Twenty Love Poems and a Song of Despair
- First edition title page
- Author: Pablo Neruda
- Original title: Veinte poemas de amor y una canción desesperada
- Translator: W. S. Merwin
- Language: Spanish
- Publisher: Editorial Nascimento
- Publication date: 1924
- Publication place: Chile
- Published in English: 1969
- Pages: 100
- OCLC: 4784478
- Original text: Veinte poemas de amor y una canción desesperada at multiple languages Wikisource

= Twenty Love Poems and a Song of Despair =

1924 poetry collection by Pablo Neruda

Twenty Love Poems and a Song of Despair (Veinte poemas de amor y una canción desesperada) is a poetry collection by the Chilean poet Pablo Neruda. Published in June 1924, the book launched Neruda to fame at the young age of 19 and is one of the most renowned literary works of the 20th century in the Spanish language. The book has been translated into many languages; in English, the translation was made by poet W. S. Merwin in 1969.

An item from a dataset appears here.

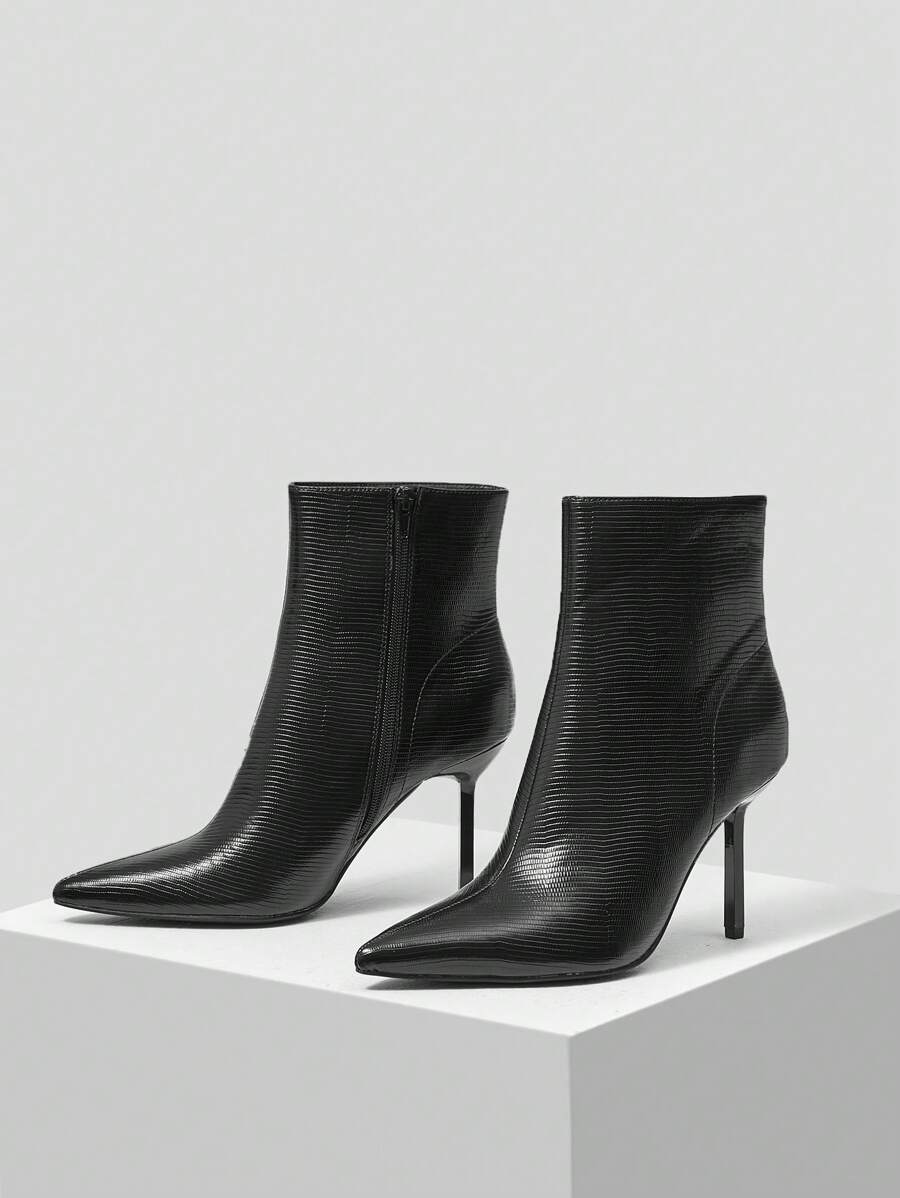 MOTF PREMIUM Botines reptil con estampado con tacón - Negro - Ver 1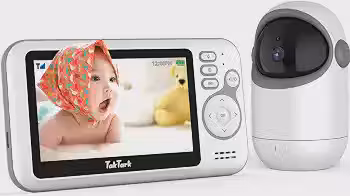 TakTark Babá Eletrônica, 4.3' Monitor de Bebê Sem WiFi com Câmera e Áudio – Remoto Zoom, Visão Noturna, Sensor de Temperatura, Monitor Seguro para Quarto de Bebê, Idosos e Pets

== Background and composition ==
The book belongs to Neruda's youthful period and is often described as a conscious evolution of his poetic style, breaking away from the dominant modernist molds that characterized his earlier compositions and his first book, Crepusculario. The collection comprises twenty love poems, followed by a final poem titled The Song of Despair. Except for the final poem, the individual poems in the collection are untitled.

Although the poems draw inspiration from Neruda's real-life love experiences as a young man, the book is not solely dedicated to a single lover. The poet skillfully blends the physical characteristics of various women from his youth to create an ethereal representation of the beloved, which does not correspond to any specific person but rather embodies a purely poetic idea of his object of affection. Neruda himself acknowledged that Twenty Love Poems and a Song of Despair deliberately replaced grandiose poetic ambition and lofty eloquence, which sought to encapsulate the mysteries of humanity and the universe, with a new approach.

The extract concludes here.